§ Exercise goal
An exact copy is needed of the lines in the entries below from the line with "Kailh Traditional Gaming" up to and including the line with "Умный аквариум Xiaomi", and of nothing else. Leave the pictures out.

§ Record set
*** Block opens ***
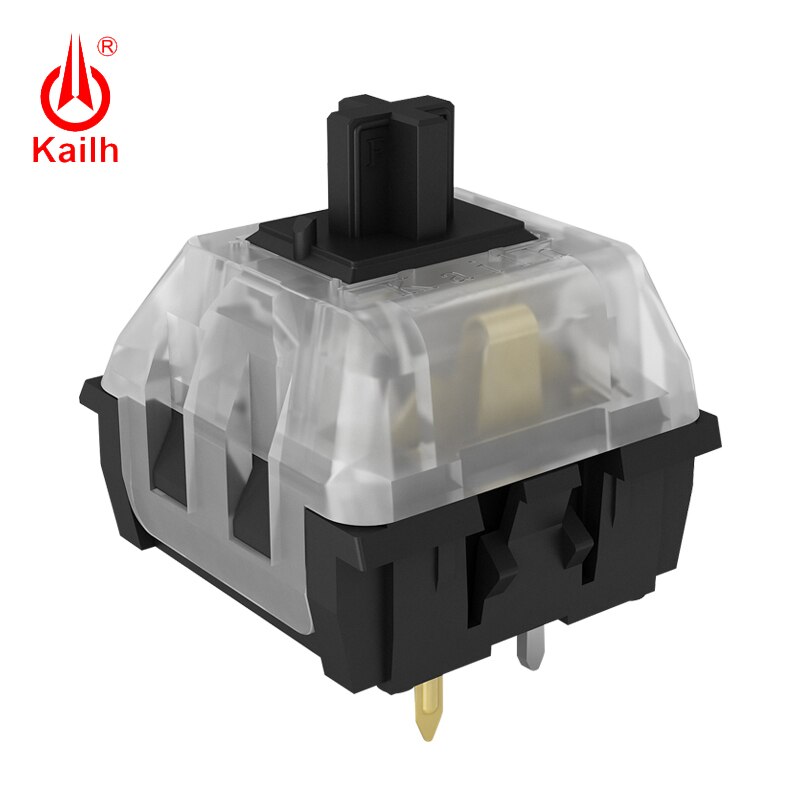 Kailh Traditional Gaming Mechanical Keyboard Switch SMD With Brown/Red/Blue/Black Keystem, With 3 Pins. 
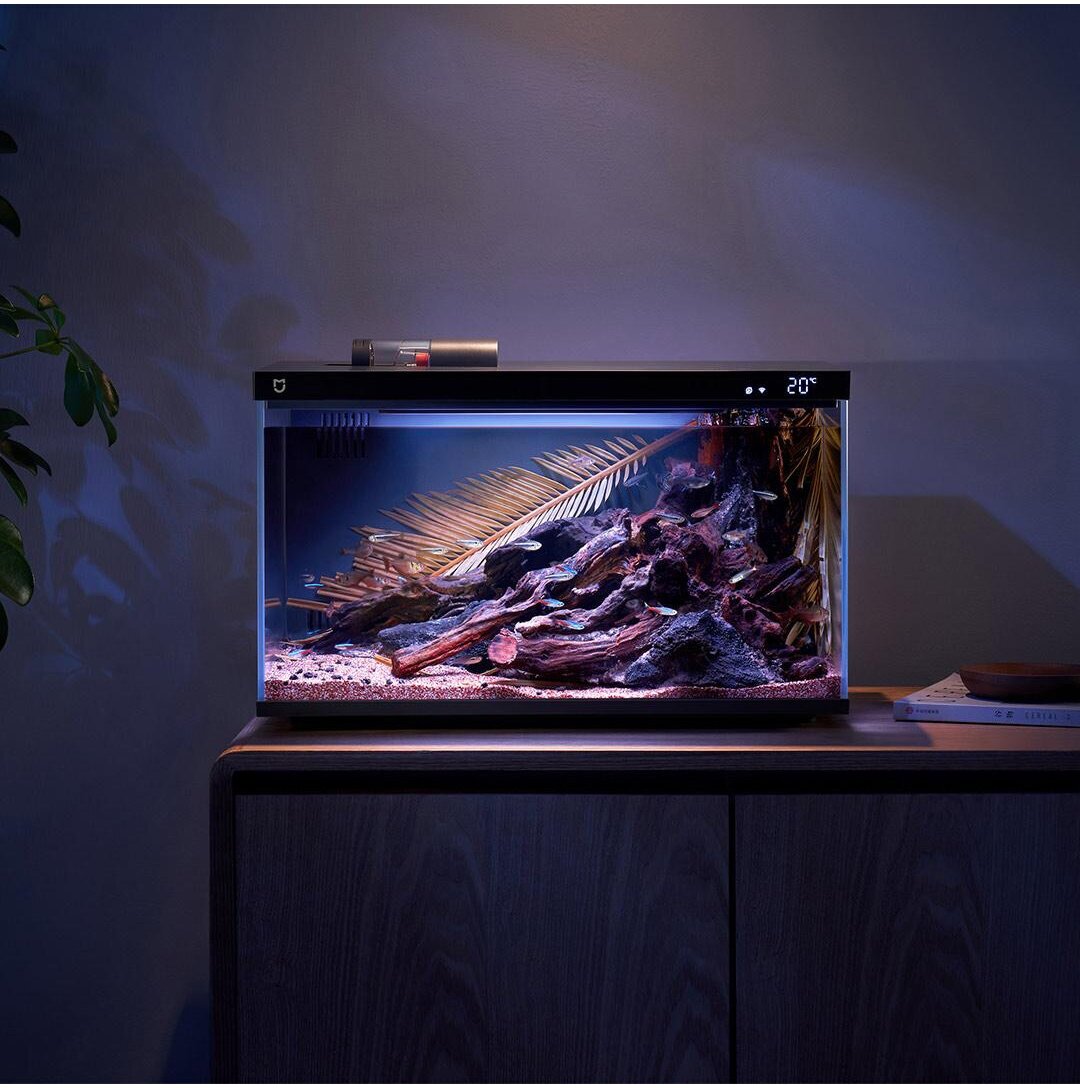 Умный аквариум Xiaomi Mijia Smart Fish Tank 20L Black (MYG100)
*** Block closes ***
*** Block opens ***
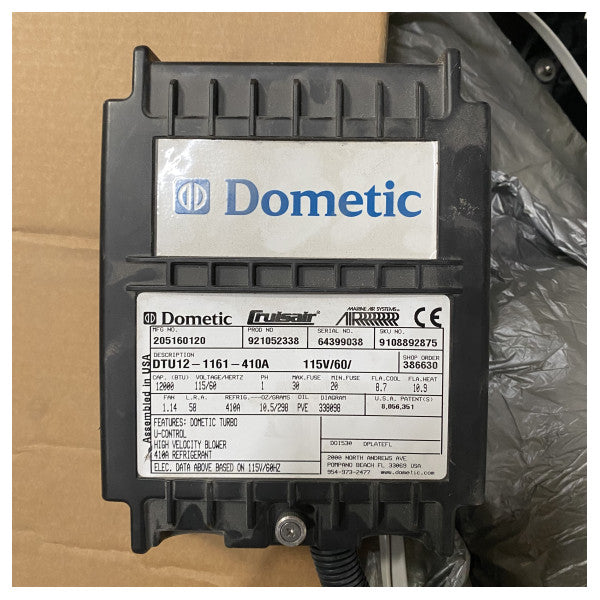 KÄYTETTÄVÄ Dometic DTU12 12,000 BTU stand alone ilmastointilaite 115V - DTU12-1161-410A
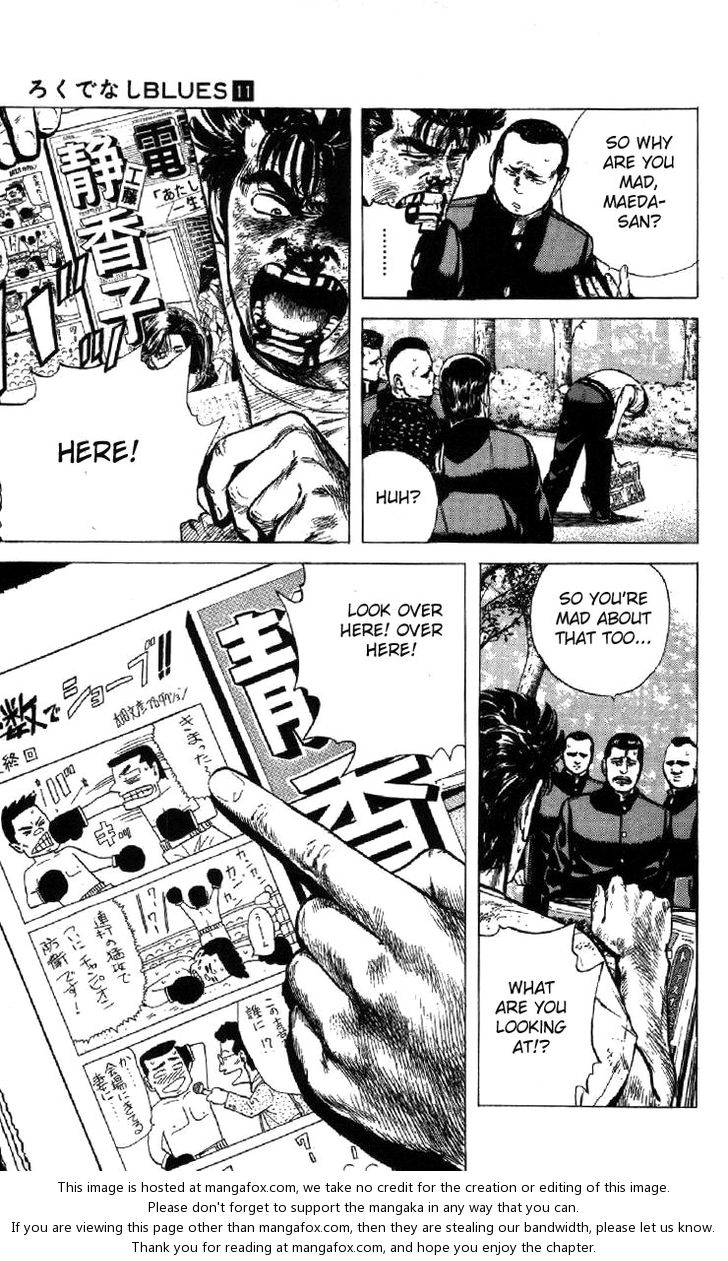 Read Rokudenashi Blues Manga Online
*** Block closes ***
*** Block opens ***
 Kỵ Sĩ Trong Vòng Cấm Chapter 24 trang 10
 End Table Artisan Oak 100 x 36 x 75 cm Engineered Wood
*** Block closes ***
§ Answer section
 Kailh Traditional Gaming Mechanical Keyboard Switch SMD With Brown/Red/Blue/Black Keystem, With 3 Pins. 
 Умный аквариум Xiaomi Mijia Smart Fish Tank 20L Black (MYG100)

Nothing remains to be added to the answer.